Short-Term Rental Property Financing for Airbnb Hosts in Los Angeles, California

Find the right STR loan for your LA Airbnb — DSCR, bridge, cash-out refi, or portfolio. Match your situation and move forward.

Scan the guides linked below, find the one that matches where you are right now — buying your first LA rental, pulling cash out of one you already own, fixing and flipping, or stacking a portfolio — and go straight there. The orientation below is for readers who want to understand how these products differ before choosing.

What to know before picking a loan type in Los Angeles

Los Angeles is one of the highest-demand short-term rental markets in the country, and lenders know it. That cuts both ways: strong projected revenue makes DSCR underwriting easier, but high purchase prices mean larger loan amounts, bigger down payments, and less room for error on occupancy assumptions. Here is what separates the main product categories and who each one fits.

DSCR loans are the workhorse for most Airbnb acquisitions in LA. The lender qualifies the property on projected short-term rental income — sourced from AirDNA or a comparable market study — rather than your tax returns or W-2. The minimum debt service coverage ratio most lenders require is 1.25x (your projected monthly income must be at least 125% of the monthly debt payment). Rates in 2026 run 7.5–9.5% APR depending on credit, LTV, and property type. Down payments land at 20–25%, and a FICO of 640+ is the floor most lenders will work with. Hosts who've been burned here almost always got tripped up by an aggressive occupancy projection — if the market study assumes 75% occupancy and you're actually hitting 55%, the math collapses fast. Lenders offering the best DSCR rates typically want to see 65%+ projected occupancy before quoting at the lower end of the rate range. The same DSCR framework applies in other California markets; if you're also evaluating properties nearby, the Anaheim, CA financing guide walks through how those numbers look in Orange County.

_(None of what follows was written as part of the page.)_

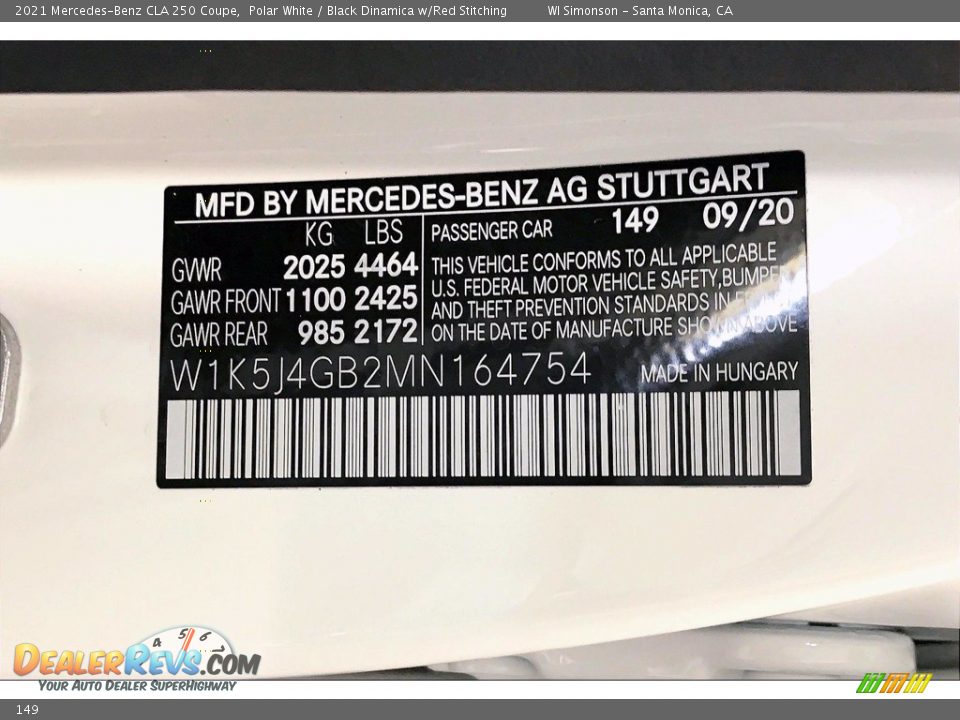 Mercedes-Benz Color Code 149 Polar White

Bridge loans fit hosts who are buying a property that needs work before it can perform — a cosmetic flip, a full renovation, or a unit conversion. Expect short terms (6–24 months), interest-only payments, and rates that run higher than a stabilized DSCR loan. The exit is refinancing into a DSCR once the property is operating. The risk: construction delays or a slower-than-expected lease-up can leave you exposed when the bridge term ends.

Cash-out refinance makes sense if you already own LA property with equity. Non-QM lenders will typically go to 75–80% LTV on a cash-out refi and use rental income — not personal income — to qualify you. It's a common way to fund a second or third acquisition without liquidating other assets. If you're considering the rental arbitrage path in Los Angeles — leasing a unit rather than owning it — the capital requirements are very different, and that guide covers them specifically.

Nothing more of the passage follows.